Tout produit présente une date de péremption, cette dernière étant plus ou moins longue mais gérer
les périmés à l’officine est une tâche non négligeable quand on sait qu’une officine moyenne de
chiffre d’affaires annuel d’environ 1,2 millions d’euros présente près de 20.000 « boîtes » à suivre.

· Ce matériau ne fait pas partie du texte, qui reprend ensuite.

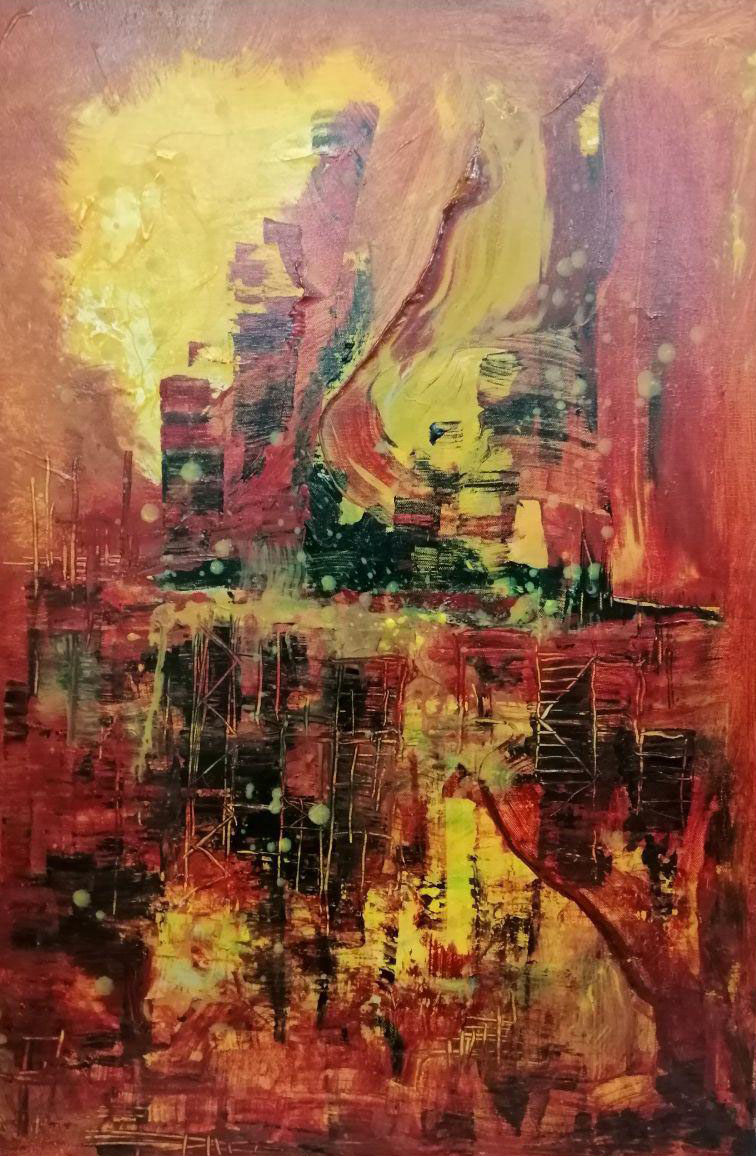 Untitled 288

A travers ce travail, plusieurs objectifs sont donc recherchés, en particulier :
• Faciliter la tâche qu’est la gestion des périmés ;
• Avoir le moins de périmés possible à l’officine, ceci afin :
- D’éviter une dispensation ou une vente par erreur d’un médicament ou d’un produit
dont la date de péremption est dépassée, c’est-à-dire optimiser la sécurité de la
dispensation (contribuer à une dispensation de qualité) ;
- D’éviter absolument le retour d’un patient avec un produit périmé, ce qui, il faut bien le
reconnaître ne contribue pas à la valorisation de l’acte officinal et ne donne pas une
image idéale de l’officine, quelle qu’elle soit (sécuriser le métier) ;
- De réduire le coût financier que représente la perte de ces produits (2600 euros TTC
par an en moyenne) ;
Cela par le biais d’une nouvelle méthode de travail à adapter dans le temps et selon chacun, mais
disponible pour tous et en particulier pour les nouveaux arrivants au sein de l’équipe.
2-
Comment ?
2-1- Projet
C’est prévenir les incidents, les déceler à temps afin de les corriger, ceci en trouvant des moyens
simples, facilement applicables pour faciliter la charge de travail que représente le brassage des
produits dans la gestion des périmés.
2-1-1- Identification du besoin
De façon générale par tous, l’équipe dans son ensemble étant concernée par ce sujet, mais plus
précisément :
− Par le titulaire car les périmés ont un coût financier non négligeable à l’officine (calcul annuel),
d’autant plus que cette somme semble pouvoir être réduite ;
− Par les collègues lors de retours par les clients/patients de produits vendus périmés. Nous
pouvons ici citer une anecdote au sujet de la vente d’un pain Hydralin* : lors de cette vente, en
février 2006, une préparatrice avait eu un doute sur sa date de péremption mais l’étiquette de prix
cachait cette dernière. La vente a été effectuée mais le lendemain appel téléphonique de la cliente
précisant que sur le papier entourant le savon la date de péremption indiquait « janvier 2006 »,
l’incident fut rapidement clos et sans conséquences (la personne a ramené le savon sans
animosité et on le lui a remboursé) mais n’a pas reflété une image très positive de la pharmacie.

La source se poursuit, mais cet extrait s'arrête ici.